Mar 25, 2022

Editorial Letter: Regulations Deluge

This editorial letter was originally featured in WWD March 2022 issue as "Regulations Deluge"

Bob Crossen
Bob Crossen, Senior Managing Editor

We are now three months into 2022, and it is around this time that we begin to look toward Water Week in Washington for updates on regulations, legislation and any other federal policies that would impact the industry at large.

In my eyes, there are four core items to keep in mind as we head into the second quarter of 2022: Lead & Copper Rule Revisions guidance, the newly announced U.S. EPA Industrial Control Systems Cybersecurity Initiative – Water and Wastewater Sector Action Plan, updates on appropriations for the Bipartisan Infrastructure Law funding, and inevitable PFAS regulations. In this issue, we share some resources on LCRR as well as a press release on the ICS Cybersecurity Initiative for the water sector and a column on PFAS MCLs in Pennsylvania.

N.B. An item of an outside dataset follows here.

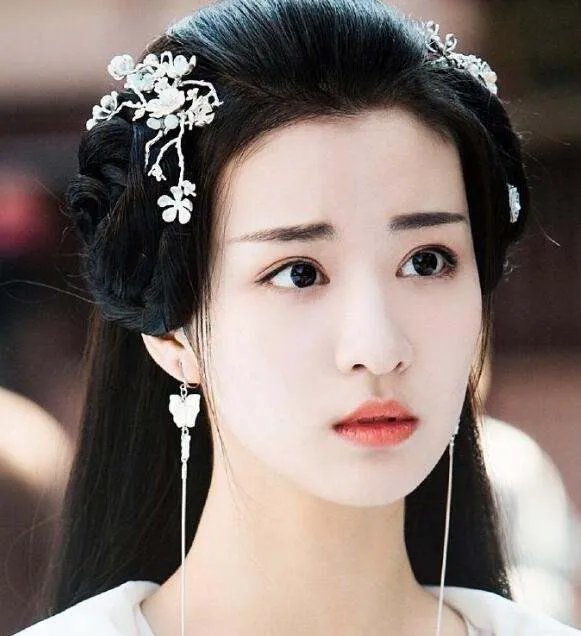 三生三世十里桃花评价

But this is not the end of WWD’s coverage of these issues. Throughout the first quarter of the year, we have published articles and exclusive video interviews with industry leaders on the topics above. In February, we published a video interview with Greg Baird from BlueConduit on LCRR lead service line replacement and in March we published two videos on PFAS regulations updates, treatment and mitigation strategies. Access all of these interviews and more at bit.ly/wwdweeklydigest.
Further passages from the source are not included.